What made the case unique was that in addition to the will at issue, there were four codicils, the last two of which had no relevance to Ms. Rotstein’s claims. The estate trustee only sought probate in respect of the will and the first two codicils. Ms. Rotstein argued that the General Rule of Probate required that all five testamentary documents be admitted to probate at the same time. She claimed that this precluded the Court from granting summary judgment against her. This argument was rejected by both the motions judge and the Court of Appeal. The Court of Appeal found no error in principle to admitting the will and two of the four codicils to probate.
Ms. Rotstein also appealed the costs decision below. The motions judge had found that Ms. Rotstein’s persistence with “scorched earth” litigation in the absence of any evidence to support her position amounted to “reprehensible” conduct meriting an award of full indemnity costs against her. Costs were fixed at $707,173.00 for fees and $30,407.29 for disbursements.
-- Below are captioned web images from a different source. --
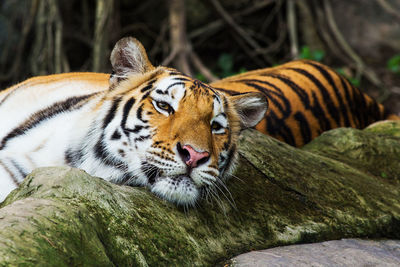 Close-up of a cat in zoo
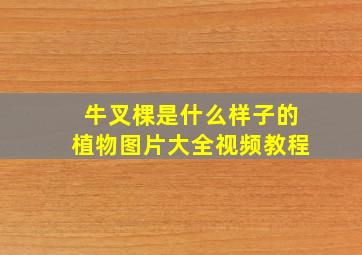 牛叉棵是什么样子的植物图片大全视频教程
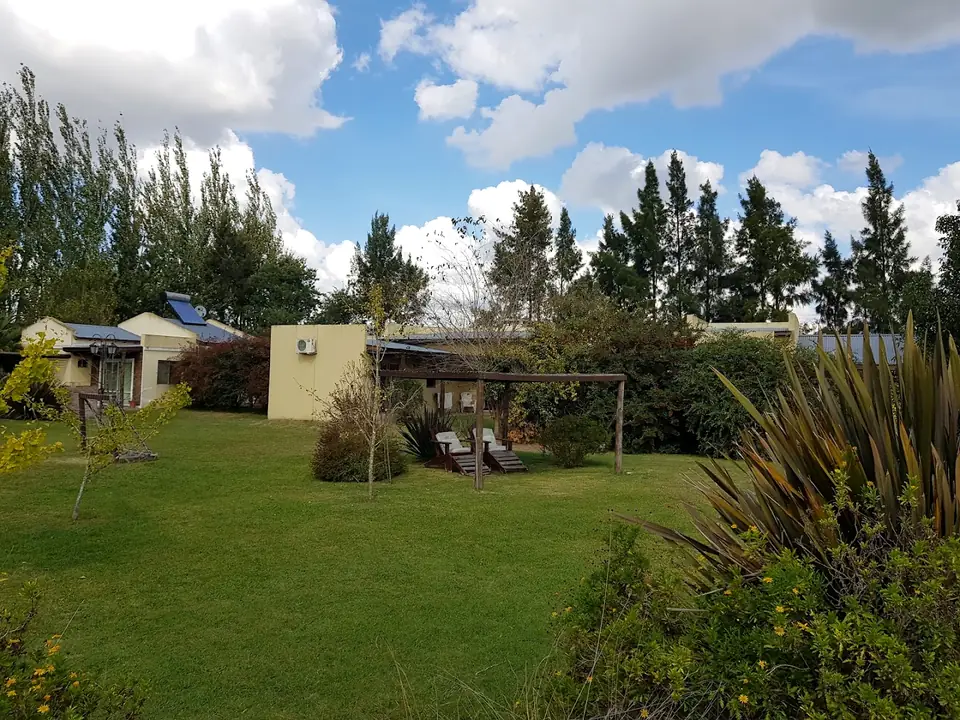 Las casas entre los árboles.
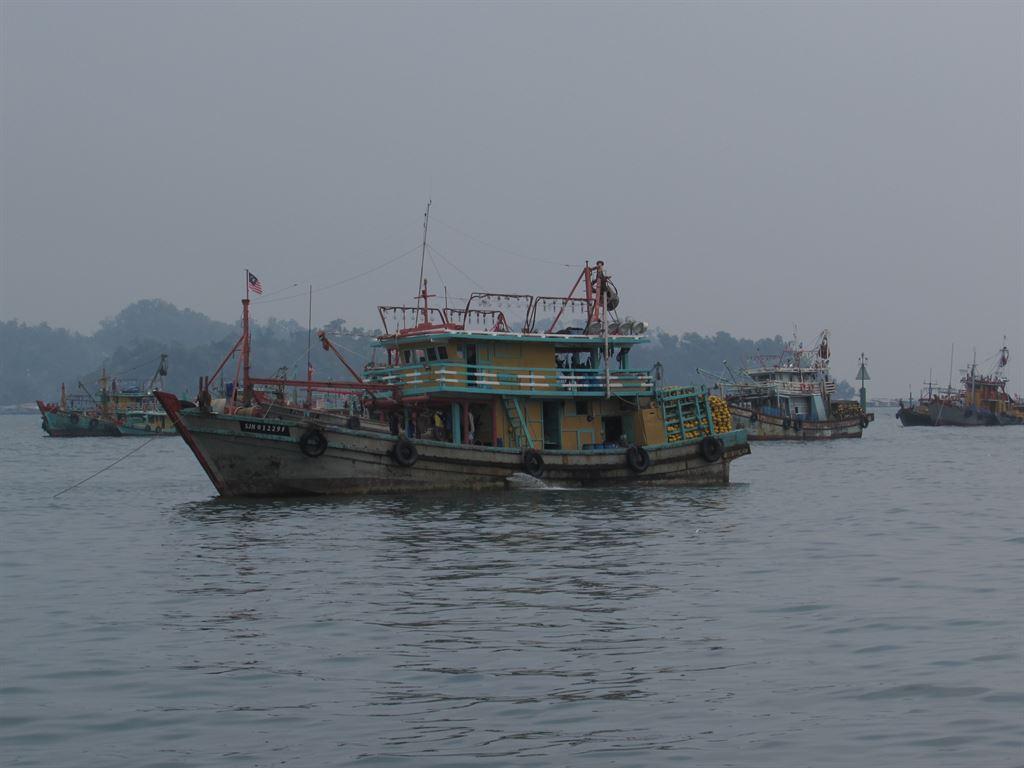 boats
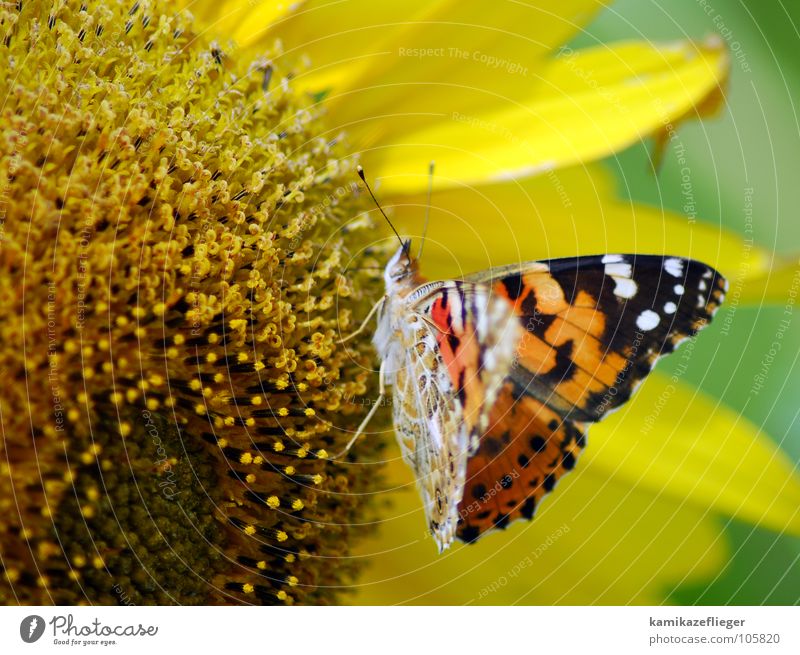 buttercup sunflower Sunflower Butterfly Judder Multicoloured Peacock butterfly Stamen Nutrition Feeler Yellow Brown Summer Nectar Wing To feed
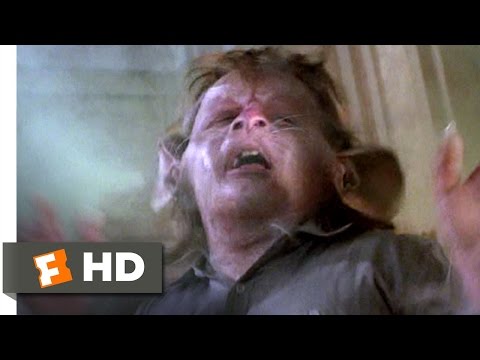 The Witches (5/10) Movie CLIP - Hello Little Bruno (1990) HD - UC3gNmTGu-TTbFPpfSs5kNkg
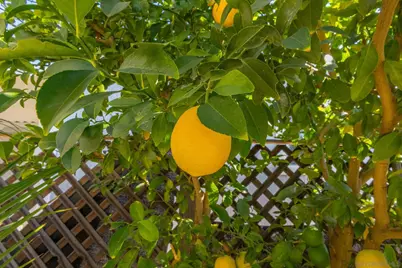  601 N Kirby St #246, Hemet, CA 92545 - Photo 63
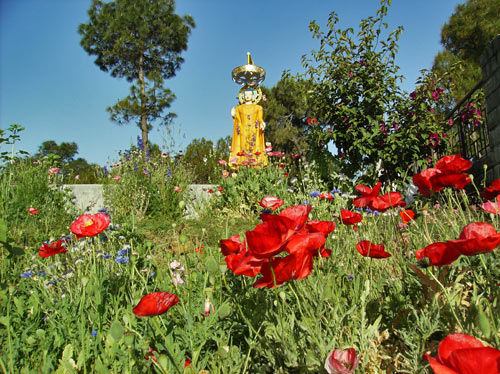 Kyabje Dorzong Rinpoche 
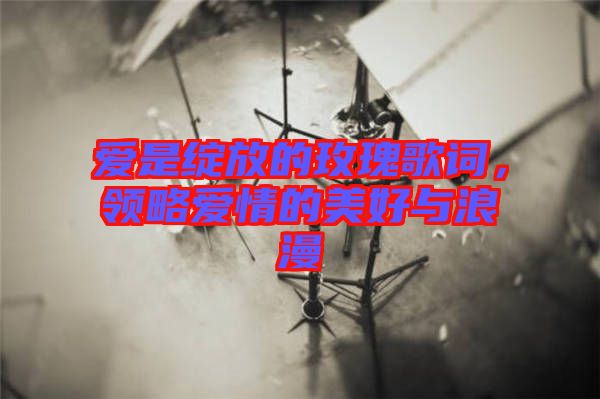 愛(ài)是綻放的玫瑰歌詞，領(lǐng)略愛(ài)情的美好與浪漫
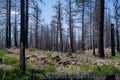 Forest in Recovery with Green Grass and Volcanic Rock after Severe Northern California Wildfire Royalty Free Stock Photo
Interestingly, the appellant did not object to the scale of costs (full indemnity) as one of the grounds of appeal. She instead argued that her failure to deliver a Bill of Costs as directed by Justice Brown should not have disentitled her to argue that the winning party’s costs were unreasonable. The Court of Appeal agreed with Ms. Rotstein on this point.
From her failure to file a Bill of Costs, Justice Brown concluded that “the fees incurred by Ms. Rotstein on a full indemnity basis approximated those incurred and submitted by Mr. Smith”. This, the Court of Appeal found, was a permissible inference to make.
In the end, after retaining one of Canada’s leading litigators to argue her appeal, what did Ms. Rotstein win? She must still pay her brother’s full indemnity costs. However, she can now go back and argue that her brother’s legal costs, although approximating her own, were unreasonable. Pyrrhic victory?